It’s easy to look at the final fiscal-cliff vote, which 150-odd Republicans opposed, and assume that only the moderates came around. In fact, the reason Boehner was able to bring it up for a vote at all—in violation of the Hastert Rule—was that the pragmatic conservatives were with him too. That’s not just literally true, in that Boehner gave his troops the option of effectively killing the compromise, and he appeared to get few takers. It’s also true more figuratively, in that Boehner apparently wasn’t worried about pragmatic conservatives turning on him when he stood for re-election as Speaker two days later. “[I]n the end, most of our members wanted this to pass, but they didn’t want to vote for it,” he later told The Wall Street Journal. And the reason they wanted it to pass is that the public would have beat the party senseless for rejecting a deal, having largely accepted Obama’s case that taxes should rise on the wealthy.
Even more encouraging, the cliff deal wasn’t the only example of this dynamic recently. On Tuesday night, Boehner broke the Hastert Rule all over again, bringing up a $50 billion Hurricane Sandy relief bill that only 49 Republicans voted for.
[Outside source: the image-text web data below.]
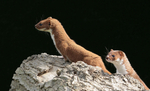 Captured Wild life/Domestic/ livestock Animals portfolio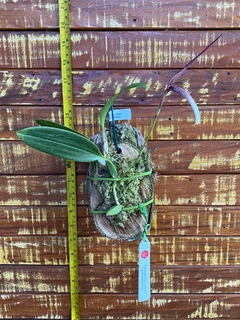 Bulbophyllum Anteniniferum - comprar online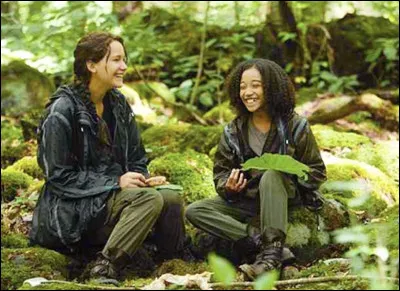 Tu as choisis des alli&eacute;(e)s, tu :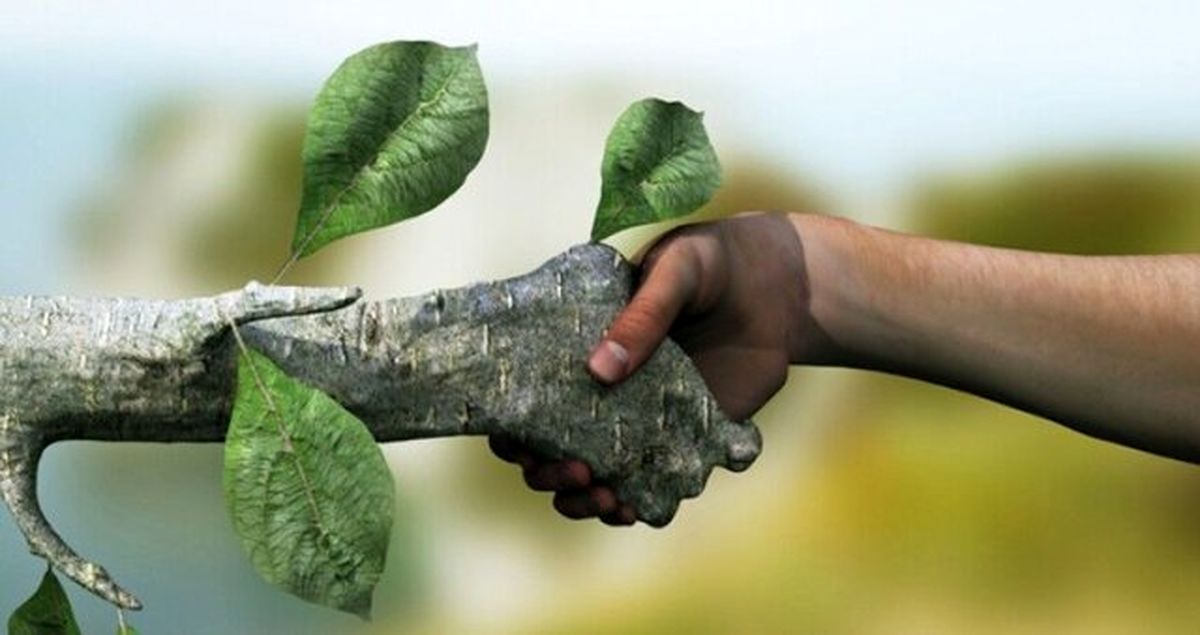 ما چیزی از محیطزیست نمیدانیم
As before, pragmatic conservatives were almost certainly behind his decision to do this, even if they didn’t end up supporting the bill. Also as before, it’s almost certainly the case that their views on this were driven by anxieties over public opinion, which was shaped in this instance by high-profile Republicans like Chris Christie.
The lesson in all this for Obama is simple: Don’t bother engaging Republican leaders behind closed doors. The only way to move the leadership is to move pragmatic conservatives. And the only way to move pragmatic conservatives is to arrange it so that the political consequences of siding with the pure conservatives are brutal.